▸ **Task statement**
Print, exactly as they stand, the lines below from the one that has "Skrzynka narzędziowa STANLEY" to the one that has "Resin figure of", inclusive, leaving out the pictures.

▸ **Records for processing**
<<<<

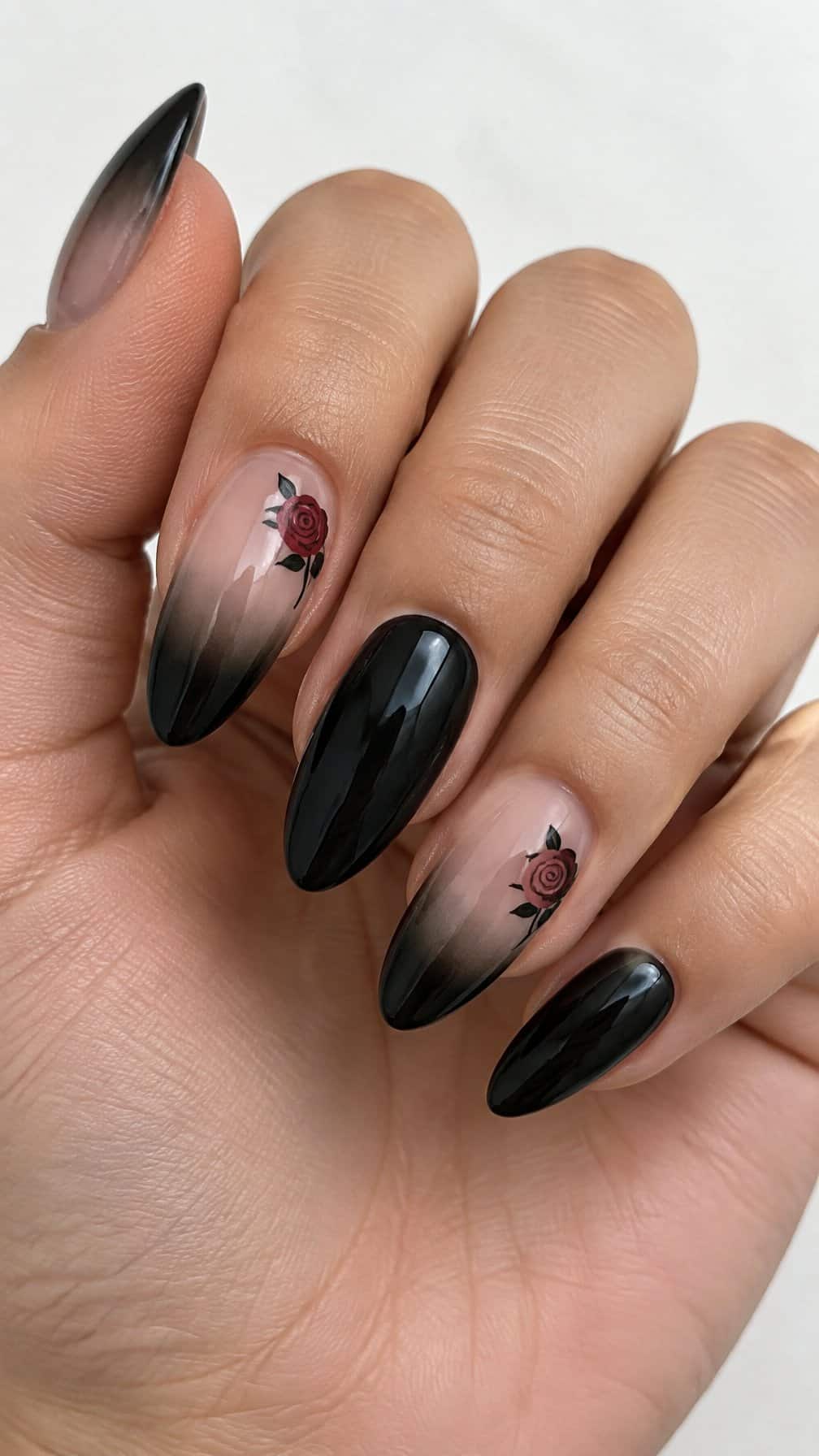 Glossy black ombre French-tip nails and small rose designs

>>>>
<<<<

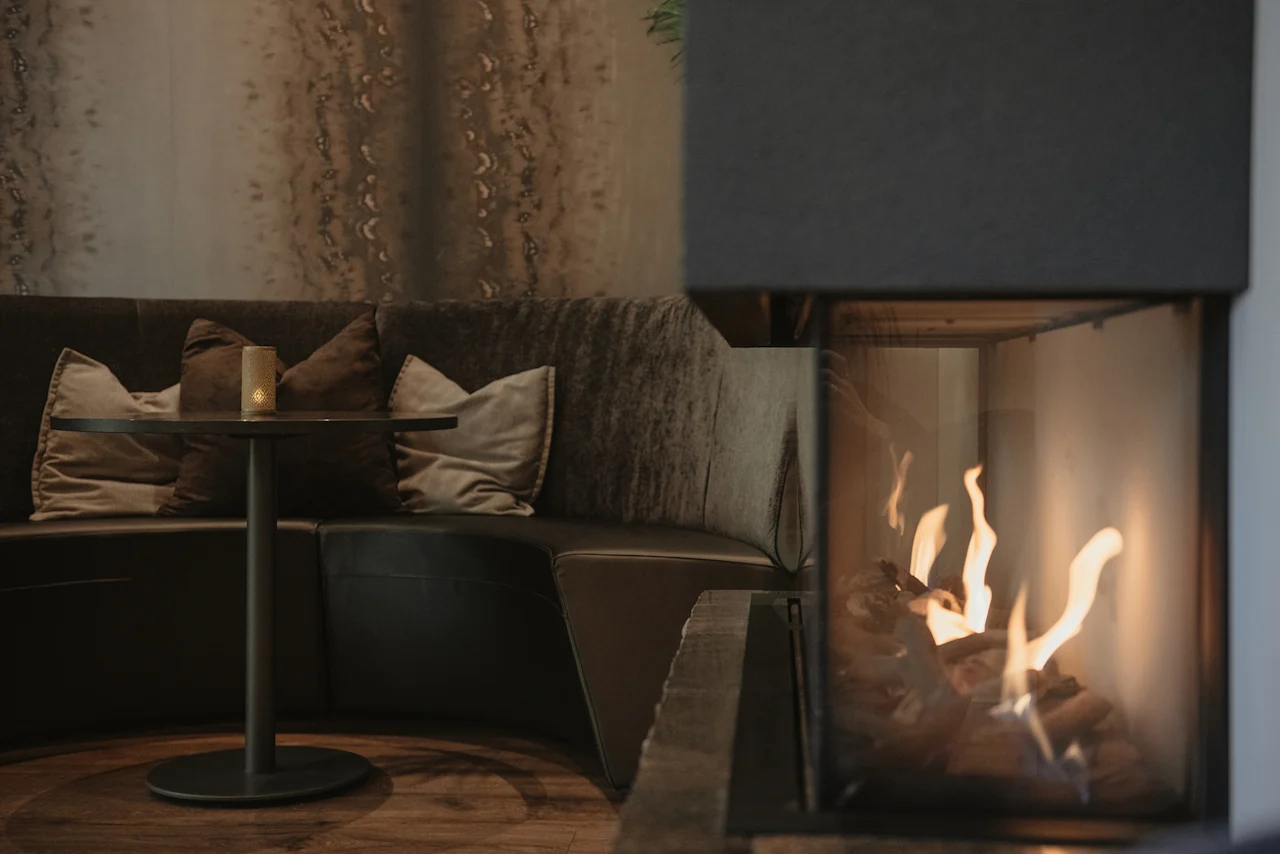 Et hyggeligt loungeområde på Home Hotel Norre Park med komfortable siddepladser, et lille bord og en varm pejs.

>>>>
<<<<

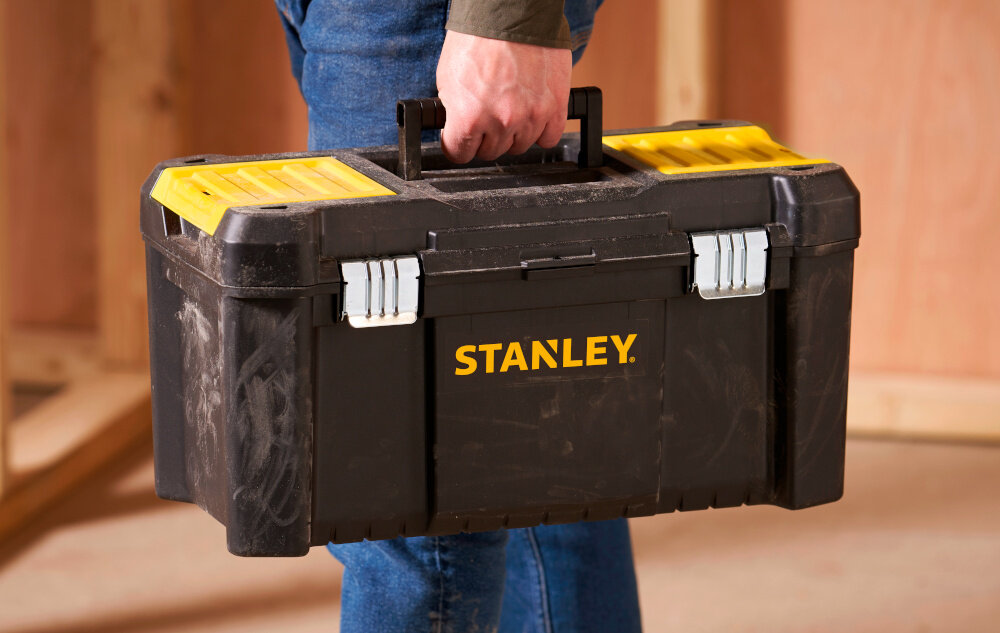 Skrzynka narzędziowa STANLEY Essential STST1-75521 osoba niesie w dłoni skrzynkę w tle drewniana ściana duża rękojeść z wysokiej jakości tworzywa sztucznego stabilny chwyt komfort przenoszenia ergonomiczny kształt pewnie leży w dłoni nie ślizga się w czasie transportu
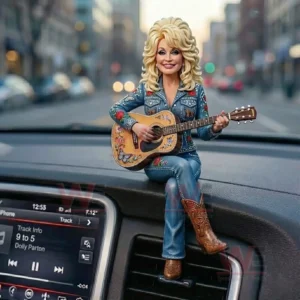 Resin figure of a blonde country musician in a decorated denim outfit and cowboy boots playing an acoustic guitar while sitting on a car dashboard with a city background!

>>>>

▸ **Result below**
 Skrzynka narzędziowa STANLEY Essential STST1-75521 osoba niesie w dłoni skrzynkę w tle drewniana ściana duża rękojeść z wysokiej jakości tworzywa sztucznego stabilny chwyt komfort przenoszenia ergonomiczny kształt pewnie leży w dłoni nie ślizga się w czasie transportu
 Resin figure of a blonde country musician in a decorated denim outfit and cowboy boots playing an acoustic guitar while sitting on a car dashboard with a city background!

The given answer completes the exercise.